***** DATA PROVIDED
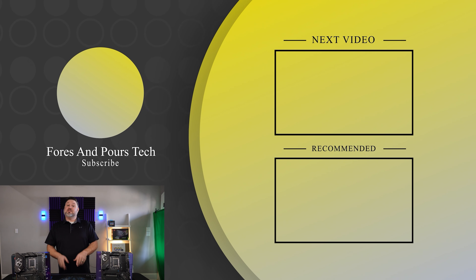If you enjoyed that video, don't forget to check out one of these. Make sure you like, subscribe, check out some of our other content, and as always, thanks for watching.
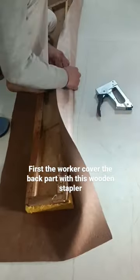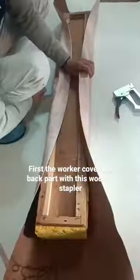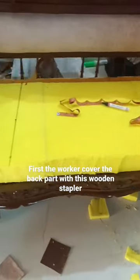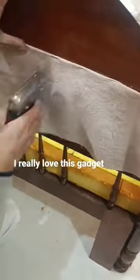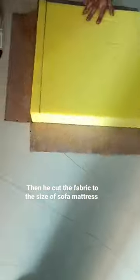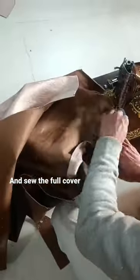First the worker covers the back part with this wooden stapler — I really love this gadget. Then he cuts the fabric to the size of the sofa mattress, sews the full cover, and puts the cover on the mattress.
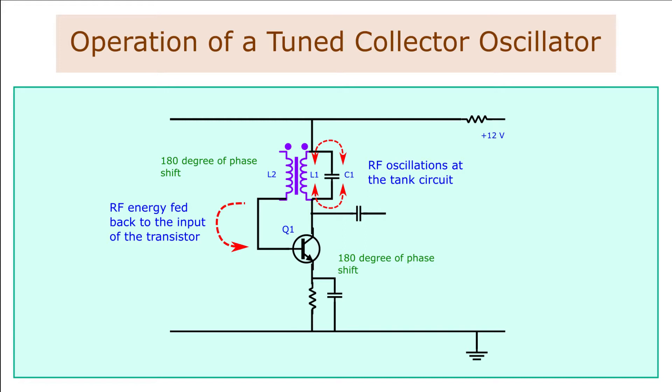The oscillations at the primary winding L1 of the transformer are coupled to the secondary winding L2 through inductive coupling. A signal is induced in the secondary winding of the transformer. The output of the secondary coil L2 is coupled to the input of the transistor Q1. The secondary winding of the transformer produces a 180 degree phase shift with the primary. The common emitter amplifier produces another 180 degrees phase shift, giving a total of 360 degrees phase shift. This 360 degree phase shift is necessary for the positive feedback and sustenance of oscillations. The amount of feedback is adjusted by the number of turns of the secondary coil L2 of the transformer. The energy lost in the tank circuit due to damped oscillation is overcome by the amplified signal at the collector.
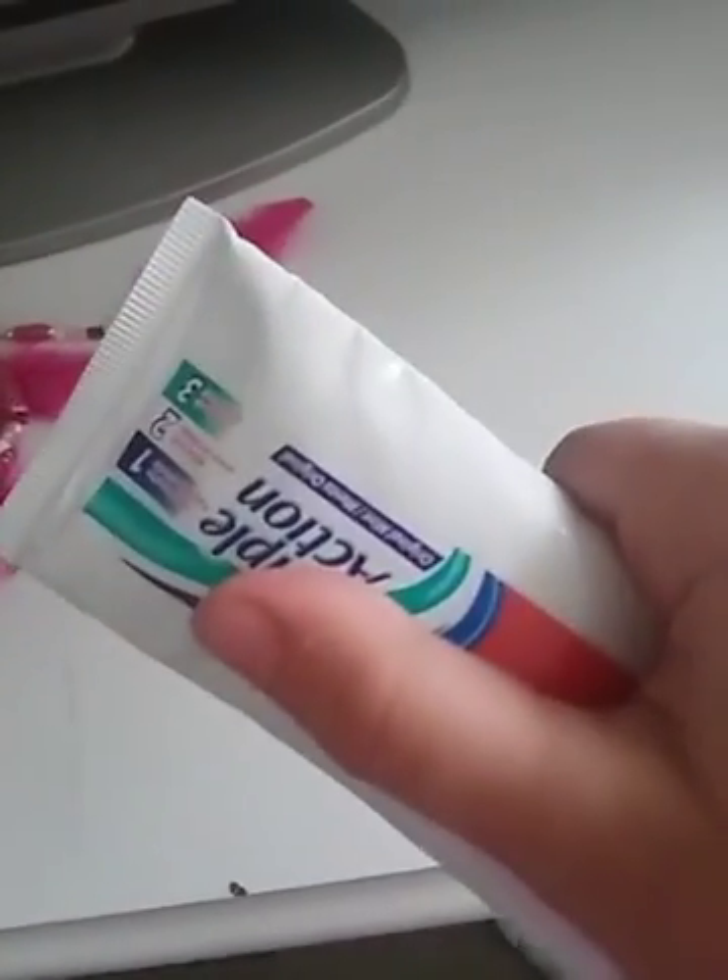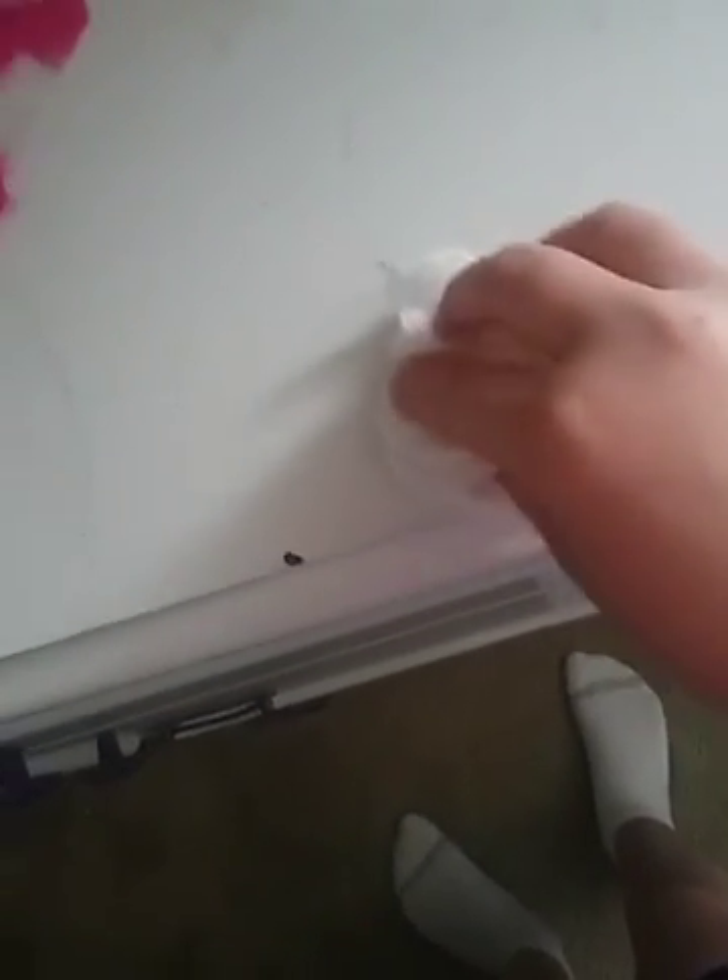First hack: do you have a stain somewhere and you have some toothpaste lying around? Well, I've got the answer for you. Put the toothpaste on there like so, then take a scrubber and just kind of scrub it — work it out a little bit. Wait a few seconds and go back at it again.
**********
> EXERCISE INSTRUCTIONS
What you return should be all of the material above, exactly, and none of its pictures.

> SOLUTION FOR THIS PROBLEM
If you enjoyed that video, don't forget to check out one of these. Make sure you like, subscribe, check out some of our other content, and as always, thanks for watching.
First the worker covers the back part with this wooden stapler — I really love this gadget. Then he cuts the fabric to the size of the sofa mattress, sews the full cover, and puts the cover on the mattress.
The oscillations at the primary winding L1 of the transformer are coupled to the secondary winding L2 through inductive coupling. A signal is induced in the secondary winding of the transformer. The output of the secondary coil L2 is coupled to the input of the transistor Q1. The secondary winding of the transformer produces a 180 degree phase shift with the primary. The common emitter amplifier produces another 180 degrees phase shift, giving a total of 360 degrees phase shift. This 360 degree phase shift is necessary for the positive feedback and sustenance of oscillations. The amount of feedback is adjusted by the number of turns of the secondary coil L2 of the transformer. The energy lost in the tank circuit due to damped oscillation is overcome by the amplified signal at the collector.
First hack: do you have a stain somewhere and you have some toothpaste lying around? Well, I've got the answer for you. Put the toothpaste on there like so, then take a scrubber and just kind of scrub it — work it out a little bit. Wait a few seconds and go back at it again.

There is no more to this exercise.